EXERCISE DESCRIPTION ->
In this exercise, print only the lines of the records below from the one with "Noul dispozitiv care te scapa de migrene" through the one with "C/EBP delta/epsilon Antibody", inclusive. Pictures are not part of the copy.

LISTED ENTRIES ->
————

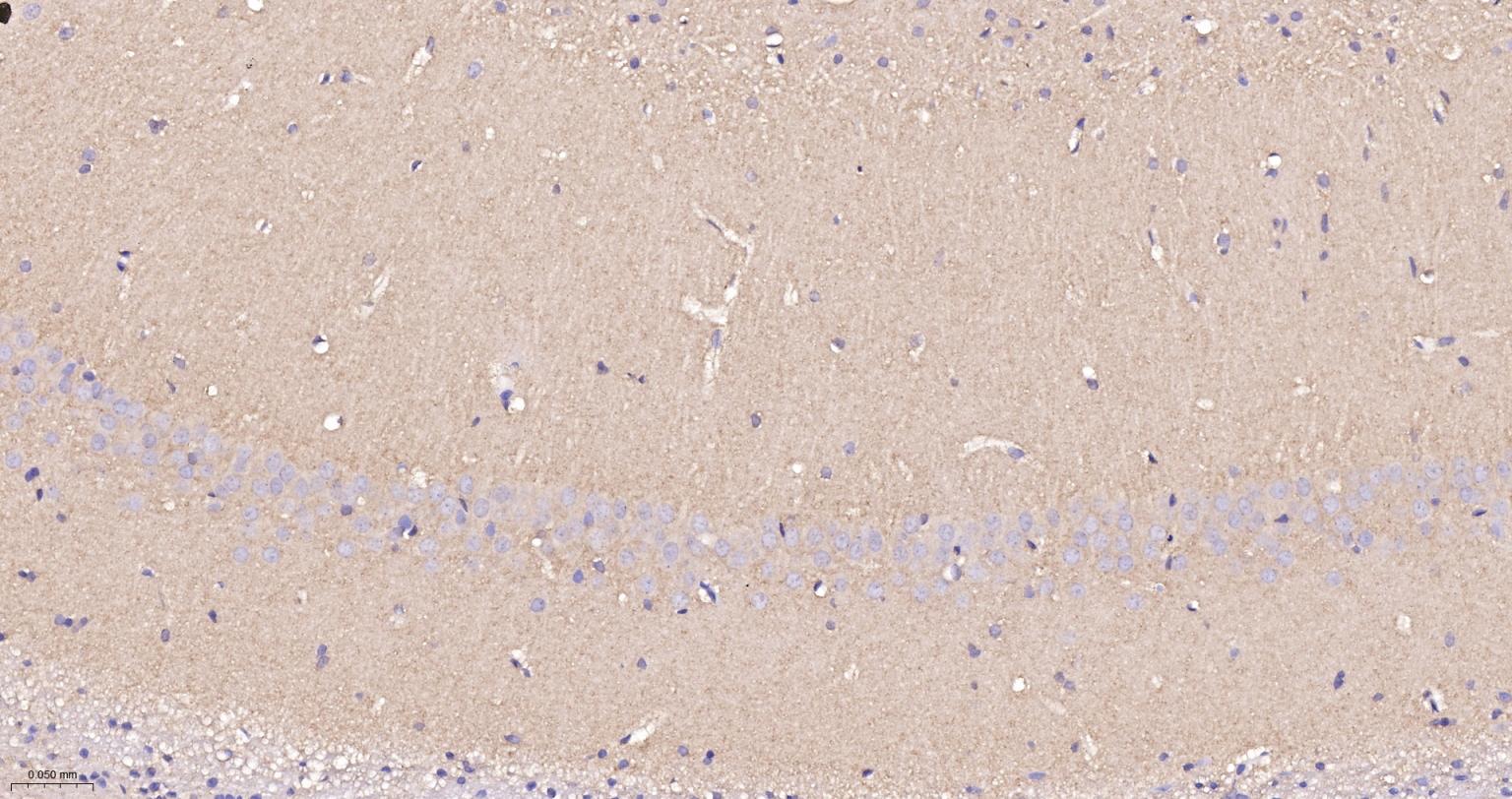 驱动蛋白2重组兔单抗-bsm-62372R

————

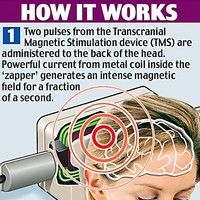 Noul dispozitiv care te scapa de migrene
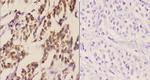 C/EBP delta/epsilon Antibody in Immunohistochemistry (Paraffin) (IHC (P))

————

OUTPUT OF THE EXERCISE ->
 Noul dispozitiv care te scapa de migrene
 C/EBP delta/epsilon Antibody in Immunohistochemistry (Paraffin) (IHC (P))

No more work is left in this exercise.